UK road network covered by average speed cameras has doubled in the last three years
Last year saw 12 new average speed camera systems installed, with more likely to follow in the future
The number of road miles covered by permanent average speed cameras in the UK has doubled in the last three years, new research reveals.
Since 2013, new average speed cameras have been installed on 137 miles of the country's road network. Last year alone saw 12 new systems installed, bringing the total to 50 across the country. There is now more than 250 miles of roads in the UK constantly patrolled by average speed cameras, according to the RAC Foundation.

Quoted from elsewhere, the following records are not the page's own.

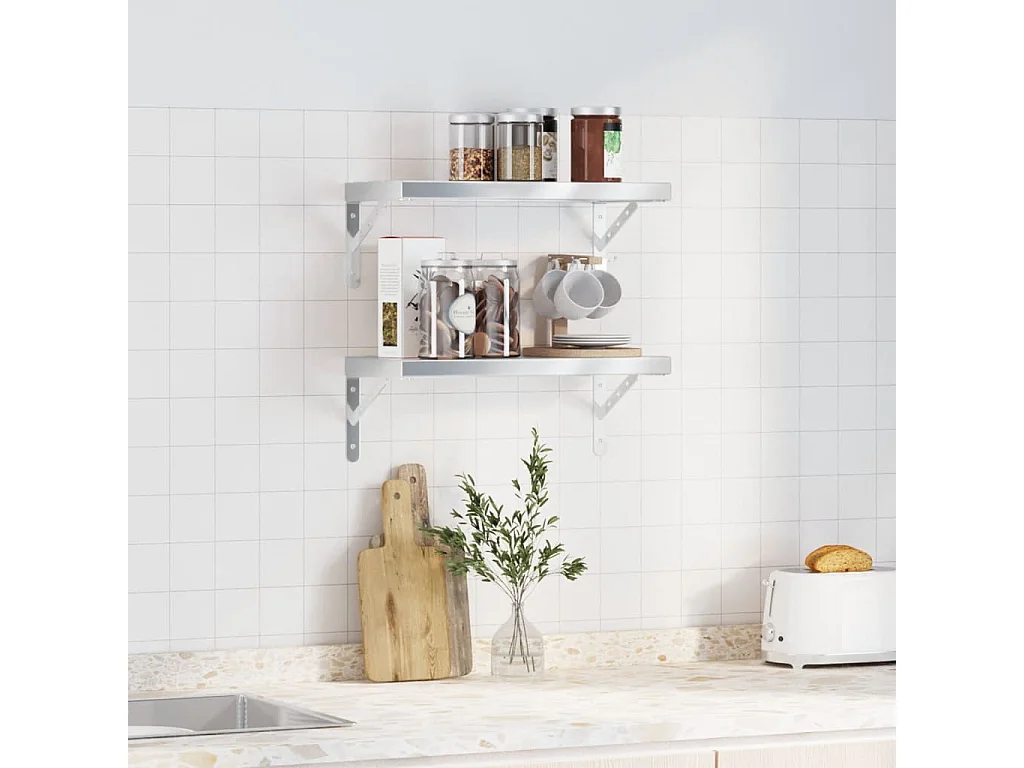 Estantes de pared 2 uds acero inoxidable plateado 50x23,5x3 cm ES656951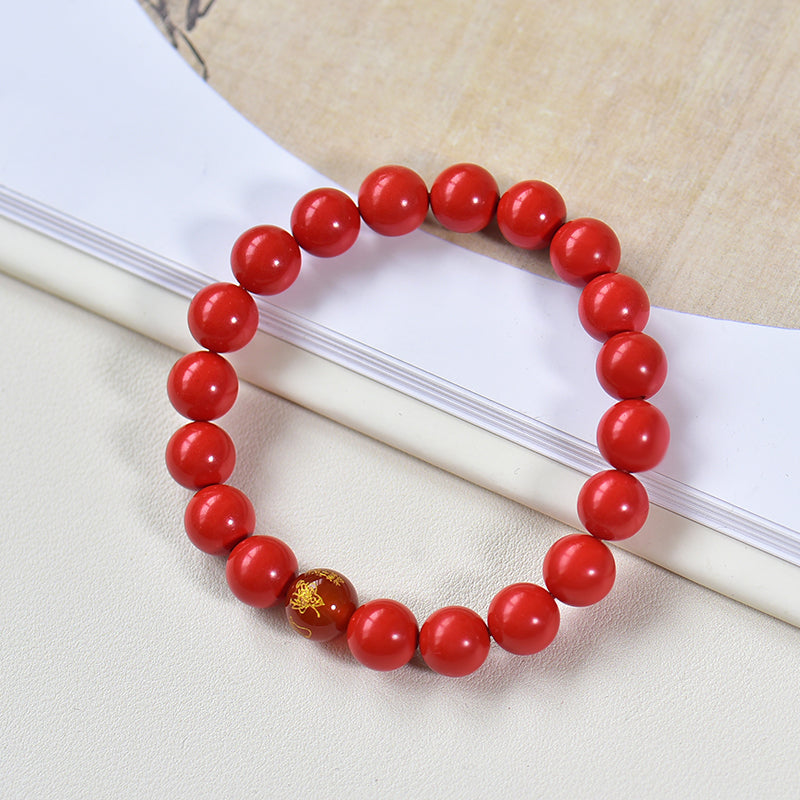 Armband aus simuliertem zinnoberrotem Harz mit rotem Achat-Akzent 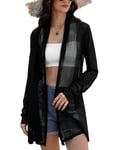 Gyabnw Cardigan Femme, Bolero Femme Chic et Elegant, Translucide Léger Respirant Gilet Long, Noir, M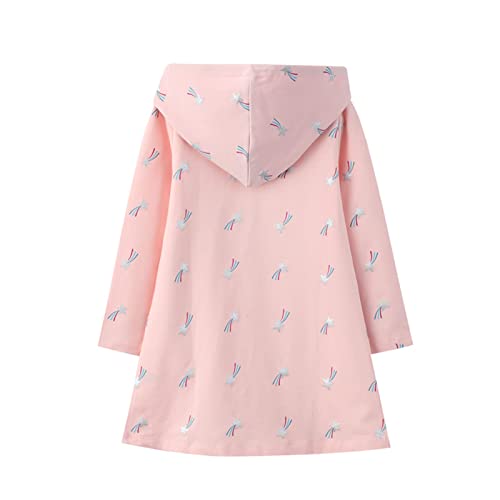 Baogaier Niña Sudadera con Capucha Lentejuelas Estrellas Vestidos Algodón Mangas Largas Blanco Azul Aplique Pullover Tops Túnica Suéter Casual Primavera Otoño Invierno Hoodie Ropa Niñas 3-4 años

Much of the increase can be explained by the efforts to cut down on accident rates on the A9 in Scotland. In 2014, the Scottish government equipped over 98 miles of the road with average speed cameras – the longest stretch in the UK. Their presence seems to be working, however, as Transport Scotland quoted the number of fatalities fell by 25 per cent in the first year the cameras were introduced.
Another reason for their rising popularity is the falling costs of installing cameras. When average speed cameras were first introduced in 2000, it cost taxpayers £1.5million per mile to install. Today the costs have fallen to £100,000 per mile.
Richard Owen, from Road Safety Analytics, the company which carried out the research for the RAC Foundation, said: "Some of the old fixed speed cameras have been around for 25 years and they are based on 35mm film."
"They are coming to an end of their life so they're sometimes getting replaced with average speed camera systems."
Steve Gooding, director of the RAC Foundation, said: “Average speed cameras are becoming a more common fixture on Britain’s roads. Unsurprisingly, the indications are that compliance with the speed limit through stretches of road managed by average speed cameras is high, but the acid test is whether accident and casualty rates have also fallen.
“Rightly or wrongly many motorists perceive the current ‘spot’ speed cameras to be more about raising revenue for the Treasury than saving lives, but average speed cameras have greater potential to bring drivers on side. Clearly a high compliance rate means a very low penalty rate and hence both road safety and drivers' wallets could benefit from greater use of these systems in appropriate places.”